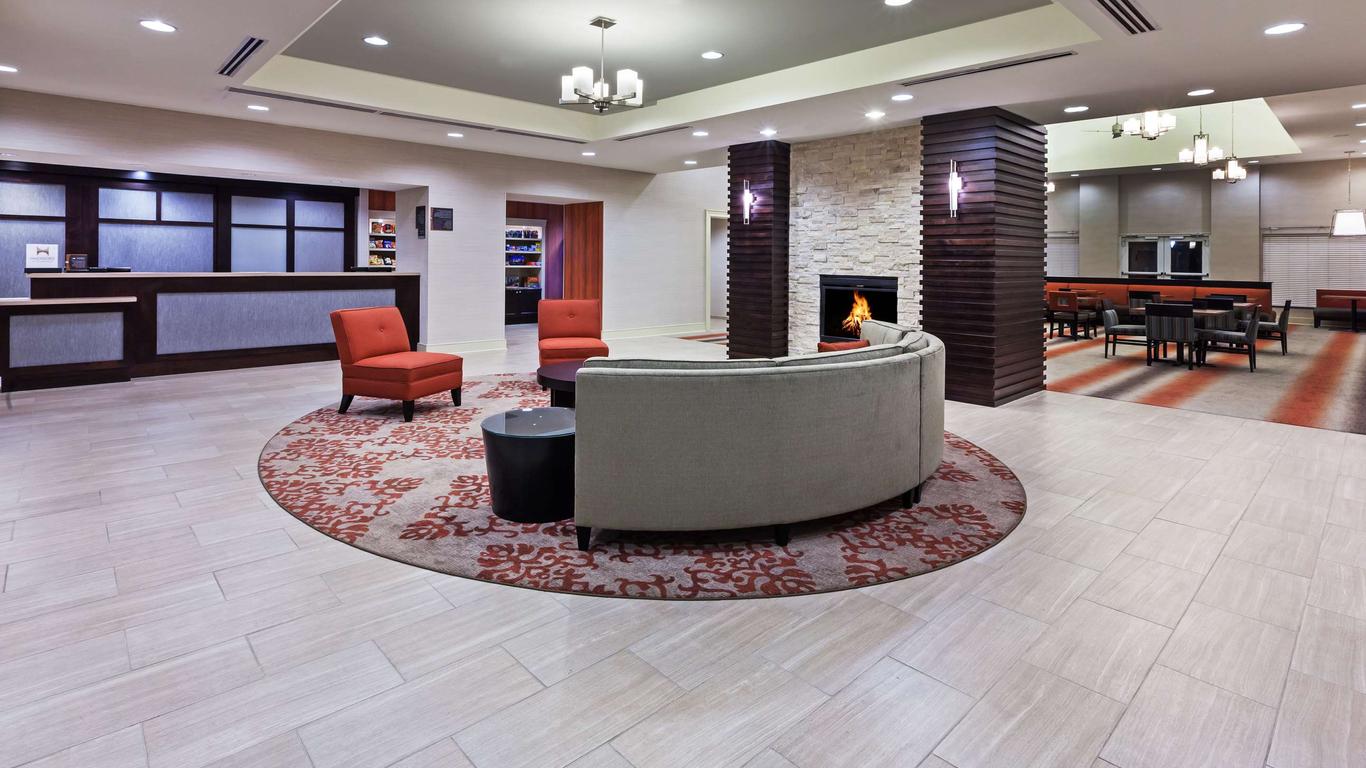 Homewood Suites by Hilton Laredo at Mall del Norte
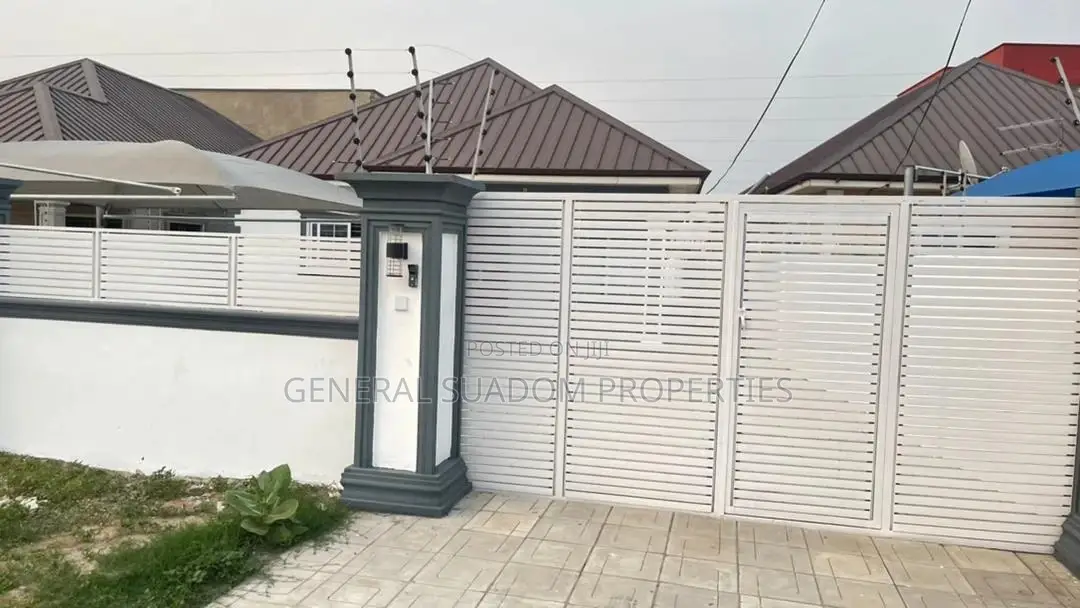3bdrm House in Suadom Properties, Baatsona Total for Rent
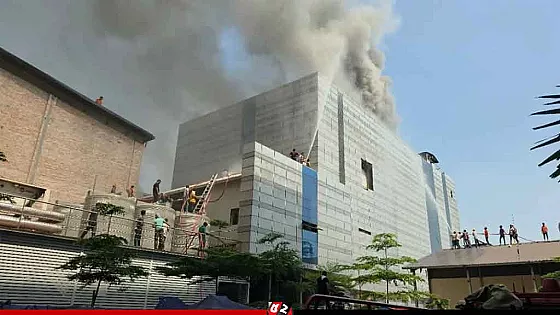 শর্ট সার্কিট থেকে টঙ্গীর ওষুধ কারখানায় আগুন, ধারণা ফায়ার সার্ভিসের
★ ★ ★ ★ ★
[WHAT TO WORK ON]:
Exact copy, pictures removed: set down the whole listing above.

[THE COMPLETED TASK]:
 Homewood Suites by Hilton Laredo at Mall del Norte
3bdrm House in Suadom Properties, Baatsona Total for Rent
 শর্ট সার্কিট থেকে টঙ্গীর ওষুধ কারখানায় আগুন, ধারণা ফায়ার সার্ভিসের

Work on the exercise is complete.